Jade Lam from Attleboro was also happy to participate.
“Having an autistic brother, I thought how difficult it must be to [Ashlyn] to eat anything else, “said Lam, 30.” So I started calling my friends who work in the grocery stores and they were able to find some.
Lam, who has a one-year-old daughter, now calls stores regularly and asks them to set aside several boxes of SpaghettiO for MacDonald when a new supply arrives.
“I was so happy to have helped, that I wanted to continue,” she said.
MacDonald said she was stunned by the outpouring of support. In addition to over 400 boxes of pasta pasta donated by friends and strangers in its community, Campbell Soup Co. recently delivered 782 cans of canned food to its front door.
“Our pantry is now full – it’s been heartwarming,” she says. “A lot of people tell me, ‘I have an autistic son’ or ‘I have an autistic sister’. They can understand what it is like to try to give a child something that makes them feel good.

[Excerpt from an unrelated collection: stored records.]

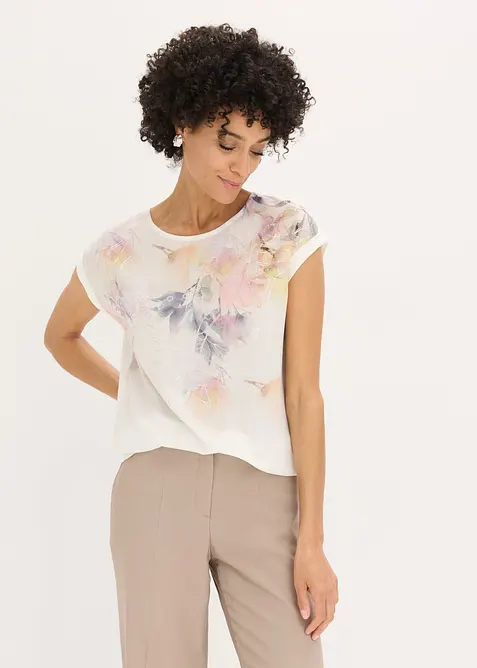 Blommig blustopp, bonprix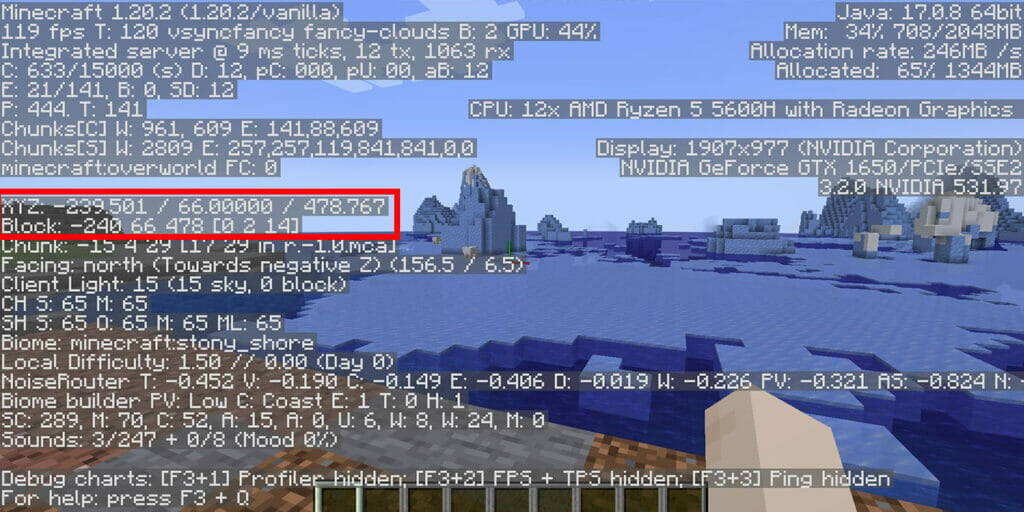 Turning On the Coordinates in Minecraft
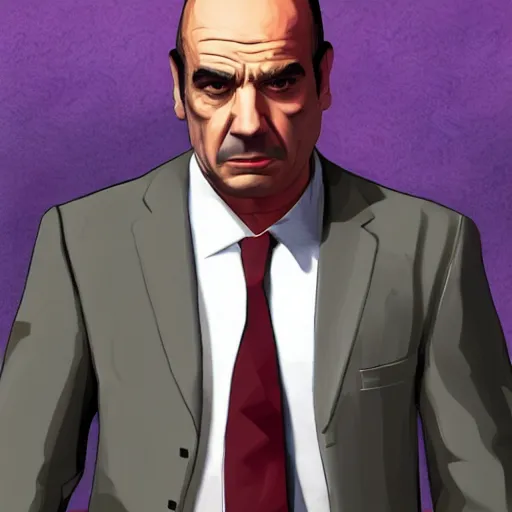 Image similar to Lalo Salamanca from Better Call Saul as a GTA character portrait, Grand Theft Auto, GTA cover art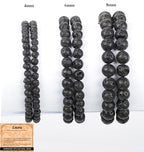 MASSIVE BEADS Handmade Yoga Stretch Elastic Bracelet Natural Stone Crystal Healing Power Energy Gifts for Unisex Adult 4mm 6mm 8mm 10mm - color: Black Lava(Calm), size: 4mm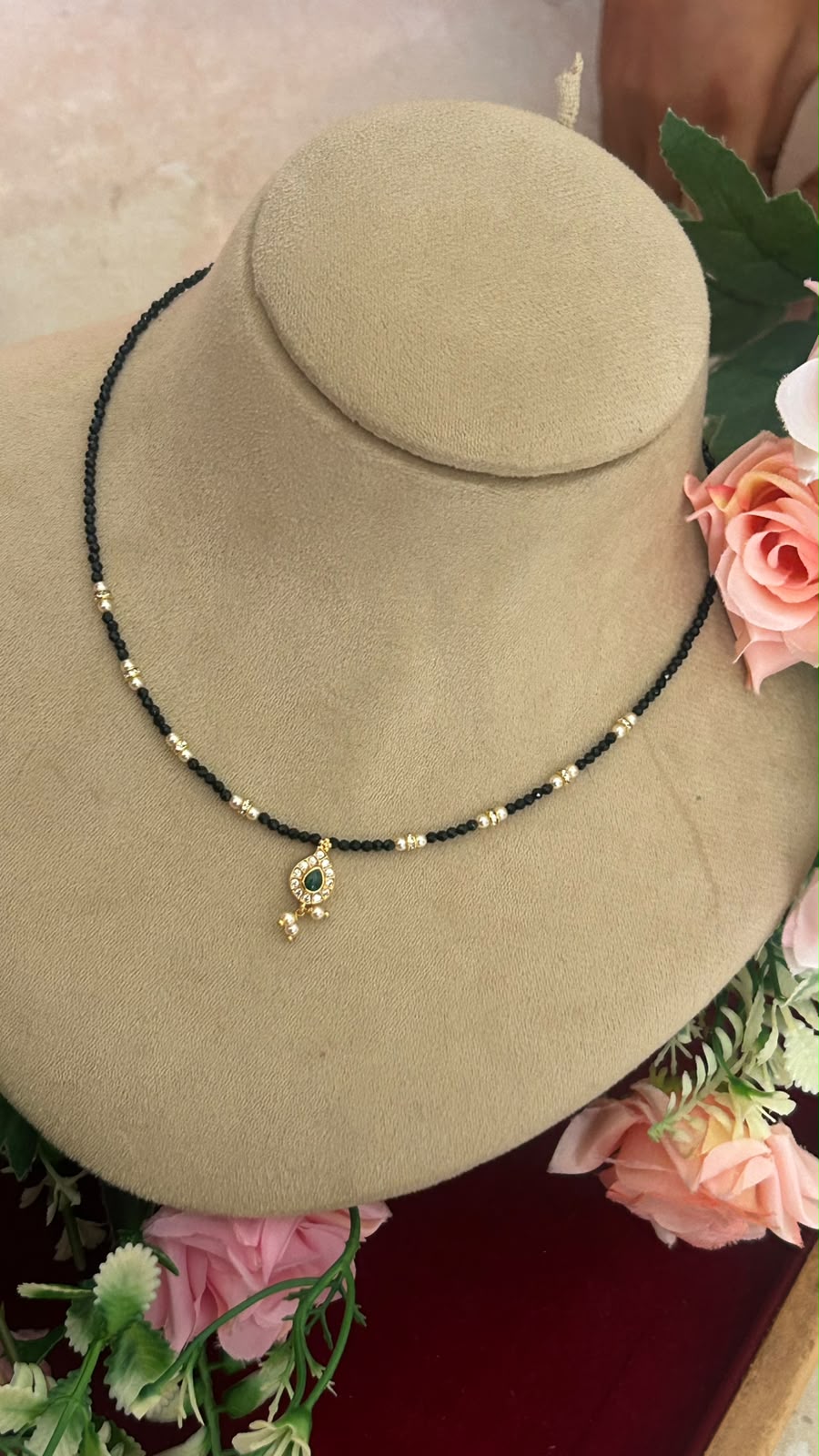 Elegant Invisible Black Beads Necklace with Green CZ Teardrop Pendant and Gold-Tone Beads for Women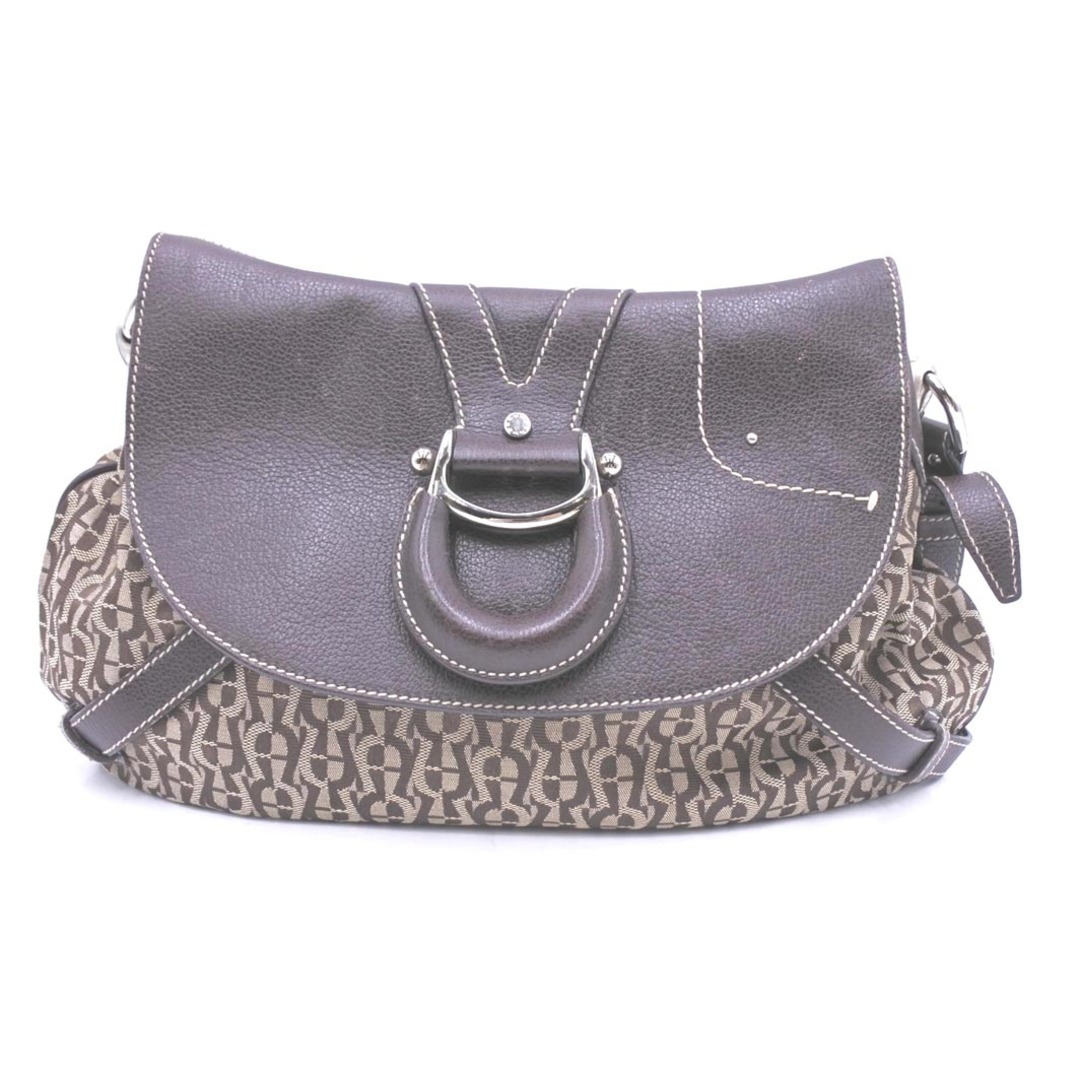 AIGNER - AIGNER アイグナー フラップ セミショルダー バッグ 茶 AIGNER - AIGNER アイグナー フラップ セミショルダー バッグ 茶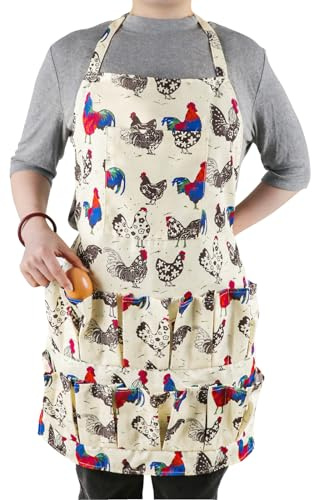 Hossmily 1 pack Egg Apron, Egg Collecting Apron for Chicken Duck Goose Eggs, with 13 Pockets Chicken Egg Apron for Women&Men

MacDonald said Ashlyn, her second child, was diagnosed with autism when she was around 16 months old.
“We noticed after she was a year old that she didn’t say ‘mom’ or refer to things like our oldest child did,” she says. “After numerous tests, we found out that she was autistic.”
Now every morning MacDonald says she wakes Ashlyn up to her favorite song, “Firework” by Katy Perry, then dresses her in cotton clothes without tags because she is sensitive to materials that are not soft and smooth. .
For breakfast, she opens the first box of spaghettiOs of the day with meatballs.
“They actually contain more nutrients than you might think,” she says. “They are enriched and rich in protein. And that’s really the only thing she’ll eat now.
Ashlyn recently returned to her special school, MacDonald said, so she puts a box of pasta in her backpack every morning.
“She would notice it right away if we tried to give her a replacement,” she says.
Ashlyn doesn’t say a lot of words, she says, “but if you try to give her something else to eat, she gives you a look that says,” Don’t you dare cheat on me. “
“People who haven’t experienced it probably don’t realize how important structure is to someone with autism,” MacDonald said. “Sometimes you have to do unusual things to keep them safe and calm.”
For Ashlyn, she says, that comfort and tranquility is now found in a pantry filled with more than 1,000 cans.
“When she sees all these boxes of SpaghettiO, she’s really happy,” MacDonald said.